Esto, porque “la luz que puedes ver con tus ojos es una parte muy pequeña de algo mucho más grande, que es el espectro electromagnético y eso involucra distintos tipos de luz, rayos X, radios Gama, luz ultravioleta, la radiación infrarroja, las microondas de ondas de radio; todo el resto de luz que nuestros ojos no ven, igual entregan información y a entender lo que pasa en el universo. El sol en el óptico no es tan activo como el ultravioleta o en rayos X, que permite ver muchas cosas que pasan en el sol”, profundizó.

El cielo de Chile… y de Magallanes

Siempre se ha pensado que Magallanes cuenta con condiciones ideales para desarrollar la astronomía.
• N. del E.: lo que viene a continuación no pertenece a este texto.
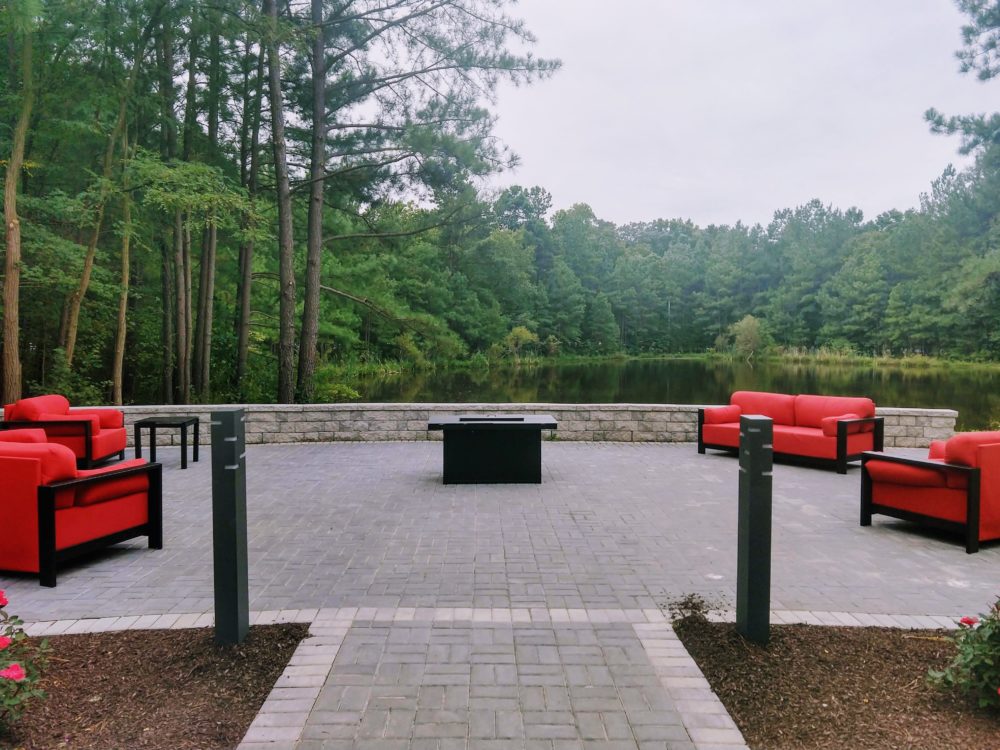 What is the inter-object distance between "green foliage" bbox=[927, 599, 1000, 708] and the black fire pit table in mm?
4458

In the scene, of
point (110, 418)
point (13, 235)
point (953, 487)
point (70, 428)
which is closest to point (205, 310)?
point (13, 235)

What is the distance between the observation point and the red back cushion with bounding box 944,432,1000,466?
4621mm

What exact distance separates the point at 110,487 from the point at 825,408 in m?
7.27

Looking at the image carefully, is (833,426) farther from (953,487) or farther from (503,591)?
(503,591)

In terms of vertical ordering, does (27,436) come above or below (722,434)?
above

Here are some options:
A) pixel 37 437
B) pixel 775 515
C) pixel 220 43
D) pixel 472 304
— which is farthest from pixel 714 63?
pixel 472 304

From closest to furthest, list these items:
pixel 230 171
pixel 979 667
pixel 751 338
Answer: pixel 979 667
pixel 230 171
pixel 751 338

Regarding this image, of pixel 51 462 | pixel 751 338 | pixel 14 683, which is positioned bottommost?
pixel 14 683

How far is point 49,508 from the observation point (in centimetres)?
383

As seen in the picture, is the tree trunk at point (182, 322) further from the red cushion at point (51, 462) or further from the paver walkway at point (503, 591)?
the red cushion at point (51, 462)

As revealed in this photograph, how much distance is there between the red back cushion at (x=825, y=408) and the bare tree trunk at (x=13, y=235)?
448 inches

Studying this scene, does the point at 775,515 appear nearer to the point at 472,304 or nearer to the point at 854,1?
the point at 854,1

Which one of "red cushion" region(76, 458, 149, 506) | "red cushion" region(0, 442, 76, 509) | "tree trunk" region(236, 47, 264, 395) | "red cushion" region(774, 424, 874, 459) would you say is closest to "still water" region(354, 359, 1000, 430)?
"tree trunk" region(236, 47, 264, 395)

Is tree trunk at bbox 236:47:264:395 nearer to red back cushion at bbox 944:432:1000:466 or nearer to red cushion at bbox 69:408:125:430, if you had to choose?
red cushion at bbox 69:408:125:430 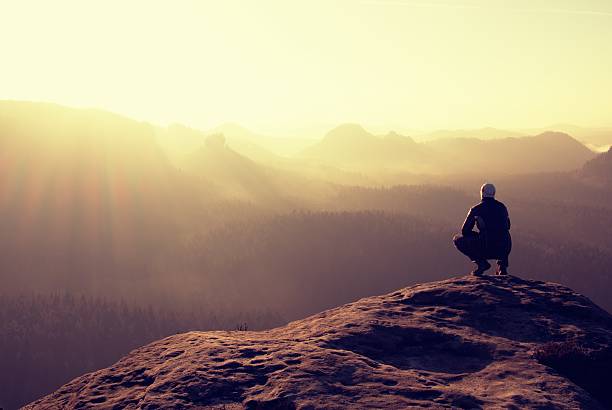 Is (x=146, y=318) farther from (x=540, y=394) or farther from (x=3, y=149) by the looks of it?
→ (x=3, y=149)

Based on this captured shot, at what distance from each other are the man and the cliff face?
62cm

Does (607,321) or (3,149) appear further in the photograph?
(3,149)

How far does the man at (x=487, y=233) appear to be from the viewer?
10.5 m

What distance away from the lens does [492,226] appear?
10.4 meters

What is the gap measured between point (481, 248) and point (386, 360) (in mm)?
3997

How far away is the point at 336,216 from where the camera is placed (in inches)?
1634

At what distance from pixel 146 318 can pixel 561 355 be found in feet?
65.5

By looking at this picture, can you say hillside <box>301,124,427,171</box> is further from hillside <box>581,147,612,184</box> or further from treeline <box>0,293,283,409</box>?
treeline <box>0,293,283,409</box>

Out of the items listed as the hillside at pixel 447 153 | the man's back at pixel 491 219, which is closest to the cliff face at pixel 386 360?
the man's back at pixel 491 219

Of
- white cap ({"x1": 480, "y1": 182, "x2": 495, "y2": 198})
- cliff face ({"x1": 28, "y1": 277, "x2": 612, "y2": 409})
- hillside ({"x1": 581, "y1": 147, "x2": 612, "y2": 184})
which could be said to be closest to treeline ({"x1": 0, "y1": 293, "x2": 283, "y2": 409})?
cliff face ({"x1": 28, "y1": 277, "x2": 612, "y2": 409})

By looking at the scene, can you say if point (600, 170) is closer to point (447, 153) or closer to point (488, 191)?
point (447, 153)

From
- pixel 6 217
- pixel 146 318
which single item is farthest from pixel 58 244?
pixel 146 318

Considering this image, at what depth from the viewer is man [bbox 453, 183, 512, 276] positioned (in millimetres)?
10461

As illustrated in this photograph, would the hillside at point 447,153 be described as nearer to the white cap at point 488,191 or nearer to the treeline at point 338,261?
the treeline at point 338,261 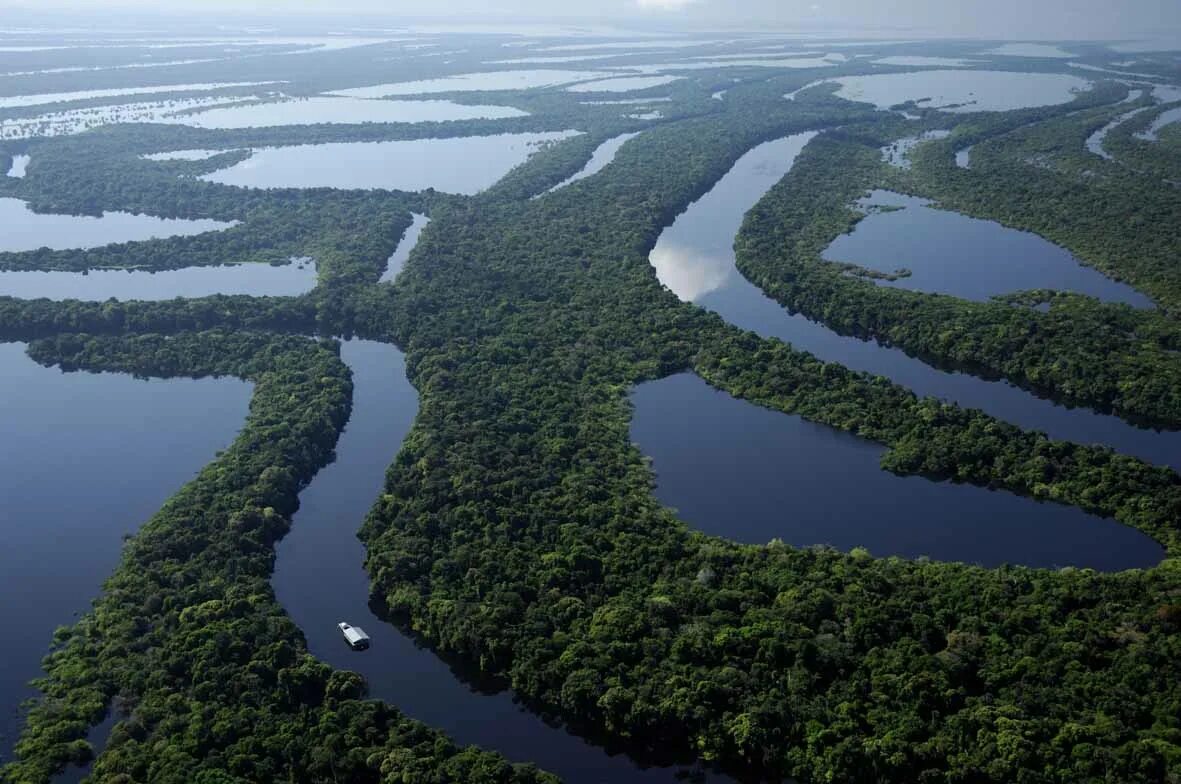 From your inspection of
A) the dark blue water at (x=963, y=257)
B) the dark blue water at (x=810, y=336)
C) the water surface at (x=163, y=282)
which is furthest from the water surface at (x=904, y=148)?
the water surface at (x=163, y=282)

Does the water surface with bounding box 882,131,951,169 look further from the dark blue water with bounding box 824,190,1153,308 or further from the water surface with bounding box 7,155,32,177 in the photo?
the water surface with bounding box 7,155,32,177

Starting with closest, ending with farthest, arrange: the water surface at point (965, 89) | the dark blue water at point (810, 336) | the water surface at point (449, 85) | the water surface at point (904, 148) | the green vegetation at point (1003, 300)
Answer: the dark blue water at point (810, 336), the green vegetation at point (1003, 300), the water surface at point (904, 148), the water surface at point (965, 89), the water surface at point (449, 85)

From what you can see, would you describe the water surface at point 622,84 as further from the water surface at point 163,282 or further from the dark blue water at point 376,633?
the dark blue water at point 376,633

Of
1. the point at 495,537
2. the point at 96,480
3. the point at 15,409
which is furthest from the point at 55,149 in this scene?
the point at 495,537

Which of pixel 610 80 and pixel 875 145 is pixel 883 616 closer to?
pixel 875 145

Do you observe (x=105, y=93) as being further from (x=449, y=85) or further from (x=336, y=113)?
(x=449, y=85)

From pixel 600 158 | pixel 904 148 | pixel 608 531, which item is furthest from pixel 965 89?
pixel 608 531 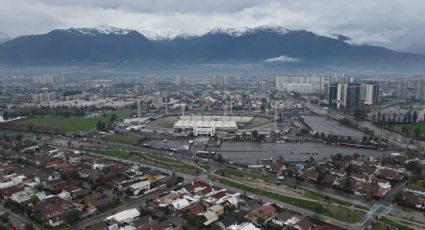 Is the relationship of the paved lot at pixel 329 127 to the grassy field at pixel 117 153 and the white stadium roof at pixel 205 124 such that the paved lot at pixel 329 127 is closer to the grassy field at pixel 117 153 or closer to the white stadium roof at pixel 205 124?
the white stadium roof at pixel 205 124

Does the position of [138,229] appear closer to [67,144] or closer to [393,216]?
[393,216]

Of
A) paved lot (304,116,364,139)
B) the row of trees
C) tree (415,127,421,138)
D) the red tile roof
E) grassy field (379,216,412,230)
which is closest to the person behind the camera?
grassy field (379,216,412,230)

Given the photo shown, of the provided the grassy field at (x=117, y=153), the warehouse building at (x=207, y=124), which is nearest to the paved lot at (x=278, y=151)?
the warehouse building at (x=207, y=124)

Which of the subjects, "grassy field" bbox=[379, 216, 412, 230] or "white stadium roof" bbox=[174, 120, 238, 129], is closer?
"grassy field" bbox=[379, 216, 412, 230]

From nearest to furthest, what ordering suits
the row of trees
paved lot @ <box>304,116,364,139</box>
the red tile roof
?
the red tile roof
paved lot @ <box>304,116,364,139</box>
the row of trees

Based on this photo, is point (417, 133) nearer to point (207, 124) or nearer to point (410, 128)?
point (410, 128)

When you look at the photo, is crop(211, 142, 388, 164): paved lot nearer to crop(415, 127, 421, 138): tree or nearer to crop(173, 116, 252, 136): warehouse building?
crop(173, 116, 252, 136): warehouse building

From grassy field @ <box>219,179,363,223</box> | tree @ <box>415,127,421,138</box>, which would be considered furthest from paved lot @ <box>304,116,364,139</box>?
grassy field @ <box>219,179,363,223</box>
Sin embargo, centros como Alma requieren de otras características. “En Punta Arenas es más difícil contar con este tipo de observatorios porque está muy a nivel del mar, lo que implica que la cantidad de atmósfera por la que hay que pasar es considerable. Sin embargo, en la Antártica se hace mucha astronomía, hay un montón de telescopios, experimentos en globos aerostáticos que sobrevuelan el continente por completo. En ese sentido, Chile tiene una tremenda oportunidad por su presencia antártica, pero no es mucho lo que hacemos en ese ámbito, pero hay un potencial astronómico importante. El problema es la logística, es caro, y hay períodos en que no es accesible”, reconoció.

La ventaja que tiene la zona de Atacama es la accesibilidad, por los puertos de Mejillones o la conexión carretera. En ese sentido, Paulo Cortés establece que “el impacto en la imagen país de la astronomía es tremendo, es una posibilidad que Chile tiene de asociar la imagen país con ciencia, sin necesidad de invertir mucho dinero. Chile pone la infraestructura, servicios, terreno, franquicias tributarias, pero la inversión fuerte viene de todos los países que invierten en estos instrumentos, aunque sería ideal que Chile invierta en su telescopio”, concluyó el astrónomo de Alma.